I am finding it amusing (per the “I used to be disgusted, but now I am amused.” coping mechanism), when I read historical material AND now know the level of scum that were doing bad deeds on the side while holding themselves as holier than all else. In one case, the now disgraced sexual predator and pervert Dennis Hastert “hammered away at people who were testifying.” (p. 182) As always, the Republicans did not want to do anything that would help people for any reason. It should be their party platform: “We’ve got ours, you can hurry up and die.” Terrify to think he served so long as Speaker of the House and thus 3rd in line for the presidency. There really has to be better vetting of candidates for office!

With politicians you cannot take anything they do or say at face value. The somewhat more subtle (except for the now woke people) traps laid by Republicans when, back in the day, they could not stop a bill, was described by the author:

[Representative William Dannemeyer] also questioned what he called the overly broad definition of disability. “As you describe the act,” he said, “it’s possible that there isn’t anyone in America who doesn’t come within the coverage. It’s a brilliant mov about which you are engaged. We are all disabled. . . .You should hear some of the things people say about me. I mean, people have not only questioned my judgment but my thinking capacity. Wouldn’t you agree?”

Feldblum [testifying] dodged the bullet: “You would have to prove that you were mentally disabled in order to get under protection. I don’t know if you’d want to come into court and do that.”

Amid general laughter, Dannemeyer jokingly replied, “It’s obvious, really, isn’t it?”

The humor, however, didn’t hide what Dannemeyer might be trying to do.

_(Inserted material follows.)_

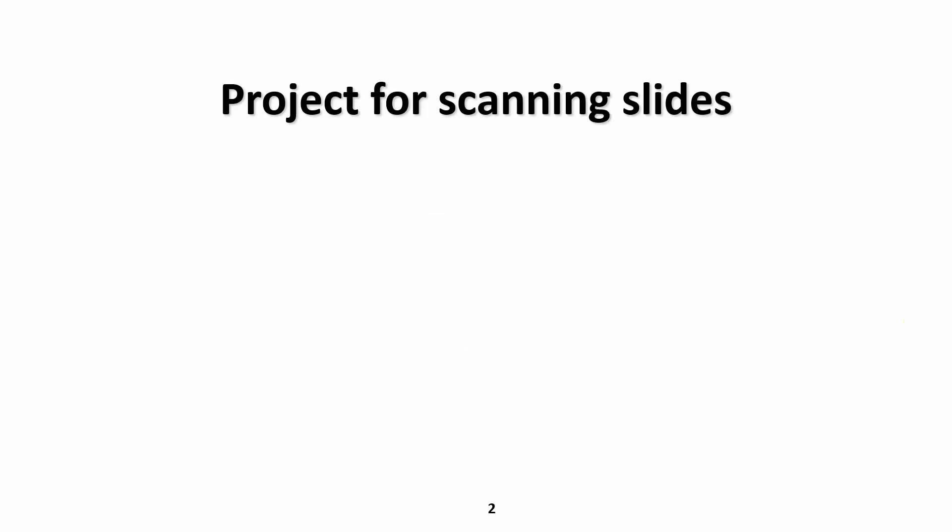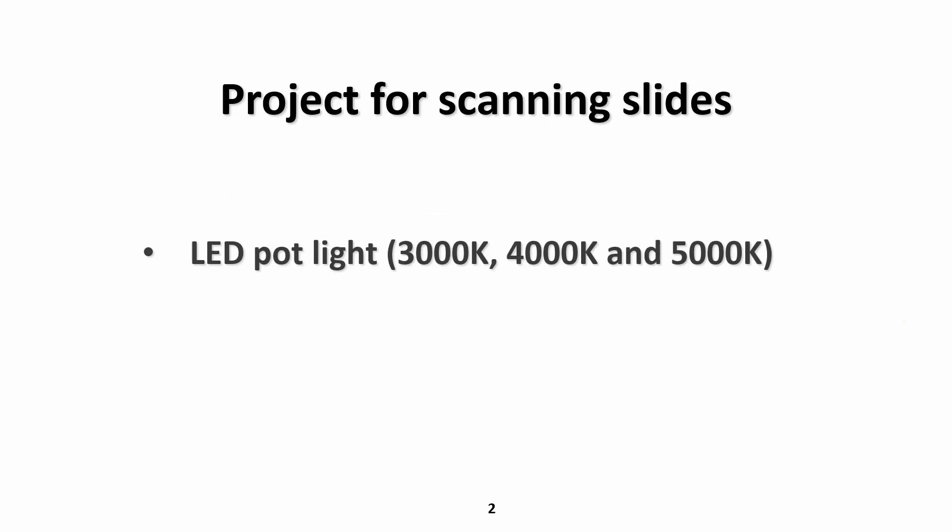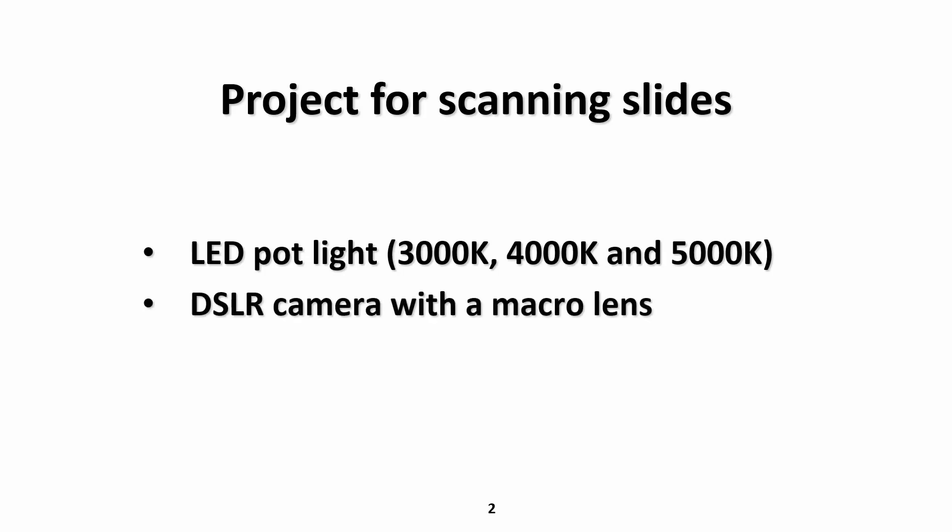The project for scanning slides requires the following things. In my case, I've used an LED pot light and you can buy them at any hardware store. The one that I purchased has three different temperature settings: 3000, 4000, and 5000K. You'll also need your camera, preferably with a macro lens so that you can really zoom in on your slide and capture all of it on your camera sensor. And you will also need a tripod to mount your camera.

By asking such questions, the congressman, perhaps sensing that the ADA would pass even with his opposition, was trying to create legislative history that could be used in later court decisions that might rule in favor of his more conservative position. In fact, when Feldblum consistently refused to offer yes-or-no answer to complex question posed by Dannemeyer about people who were HIV positive or drug addicts, the representative said, “Are you telling me you don’t know?”

Fedblum replied, “No, I’m telling you the way it often is in law.”

Dannemeyer snapped back, “Or you don’t want to say?”

Feldblum quickly replied, “No, no. The way it is often in law the for question is not, for example, a yes or no issue.”

Dannemeyer revealed, perhaps, the reason for his adamant grilling: “Are we finessing legislative history for some judge to resolve [later]?” (pp. 181-182)

I am confident that this would qualify as a kind of transference, which I understand to be that people say stuff like this when it is they who are doing that which they accuse others.

Long story short, the vote split along party lines. The Republicans big concern was “wheelchair lifts on busses were expensive. Having to provide both these and paratransit would be a burden on communities.” The author continues to recap:

The Republicans argued that places where the winters were bad and had much snow would also be unable to use those wheelchair lifts, because most users could not really get out of their houses and through the snow to bus stops. Moreover, they said, lifts malfunctioned more in the snow. These interrogations were reminiscent of a TV legal procedural in which an aggressive prosecuting attorney attacked a hapless witness. At one point, Hastert cross-examined someone who was advocating UNIVERSAL ACCESSIBILITY on busses. . . . (pp. 183-184)

The crux of Hastert’s  argument was that the cost per rider was not worth it to the taxpayers. That is to say, that ALL busses would have to be accessible and yet some may never have a wheelchair user.

In this case, Hastert’s talking points are to push for a local option that would countermand the idea of universal access on buses and trains. Local option, of course, was anathema to disability activists.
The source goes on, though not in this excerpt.